Era talmente stanca che impiegò qualche istante prima di accorgersi che il salotto era pieno di piccole candele al profumo di vaniglia e che tutte insieme illuminavano la stanza quasi a farla brillare. Si portò una mano sulla bocca quando vide che i divani furono spostati e al centro, il posto del tavolino era occupato da un manichino vestito con un abito della sua ultima collezione. Iniziò a camminare lentamente verso di esso, notando che sulla spalla sinistra era poggiata una margherita, la prese sorridendo.
Nella penombra del corridoio, Micky la osservava silenziosamente contenta.

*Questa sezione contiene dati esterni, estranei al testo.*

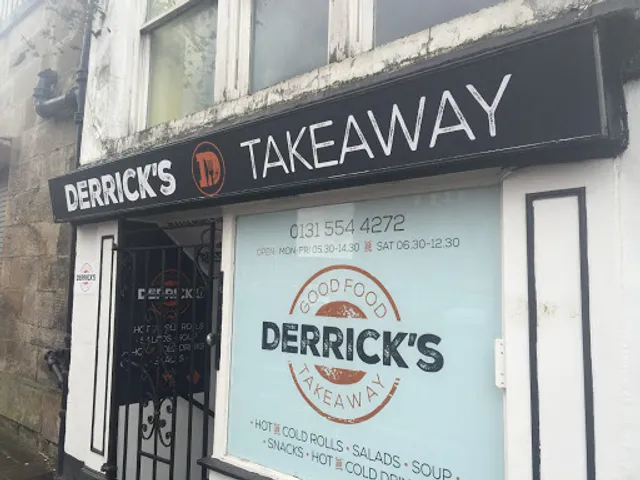 Derricks Takeaway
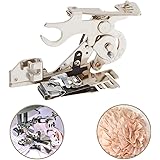 Amazon.com: 1 X Ruffler Sewing Machine Presser Foot - Fits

<< Conosco una persona che quando era bambina affidava le sue decisioni ai petali delle margherite. Lei non diceva “m’ama o non m’ama”, ma “sì o no”.>>, passo dopo passo si avvicinò a Jennifer, << Una volta, mi disse che molto spesso i bambini della sua età la prendevano in giro dicendole che era una stupida, un’ingenua, se credeva davvero che quel giochino potesse decidere per lei. Le dicevano: “I fiori sono solo fiori, non fanno mica le magie.”. Ma lei questo lo sapeva perché non era di certo una stupida. Aveva semplicemente trovato un modo diverso per darsi coraggio per far ciò che più la spaventava. Perché nonostante fosse una bambina bellissima, intelligente, gioiosa, lei si sentiva sempre insicura. Quando il suo papà le insegnò ad andare in bicicletta senza le rotelle, cadde due volte. Allora suo padre le raccolse una margherita e togliendo tutti i petali, l’ultimo rimasto fu quello del “no”. “Aspettiamo, papà.”, disse lei, “Aspettiamo.”, le rispose lui, perché sapeva cosa significava. Aspettarono, e giorni dopo quella bambina riuscì ad andare in bicicletta senza le rotelle. Così riuscì anche a partecipare alla gara di spelling alle elementari; ad andare sott’acqua senza il timore che l’oceano potesse trascinarla giù e tante altre cose. Con gli anni, quella bambina è diventata una donna che a un certo punto della sua vita, ha incontrato un’altra donna… molto cocciuta, talmente tanto che non voleva rassegnarsi all’idea di non poter star con lei, anche se sembrava che il fato avesse staccato un grande petalo di “no”. Ma poi, fortunatamente per lei, tutto cambiò.>>, sorridendo prese la margherita dalle mani di Jennifer e legando una parte del gambo su se stesso, formò una specie di anello, << Penso che abbiamo aspettato abbastanza, tu che dici?>>, prese la mano sinistra di Jennifer e lentamente le infilò quell’anello di margherita, << Mi vuoi sposare?>>
<< Sì! Certo che sì.>>, le rispose Jennifer con i suoi bellissimi occhi azzurri lucidi e irradiati di felicità.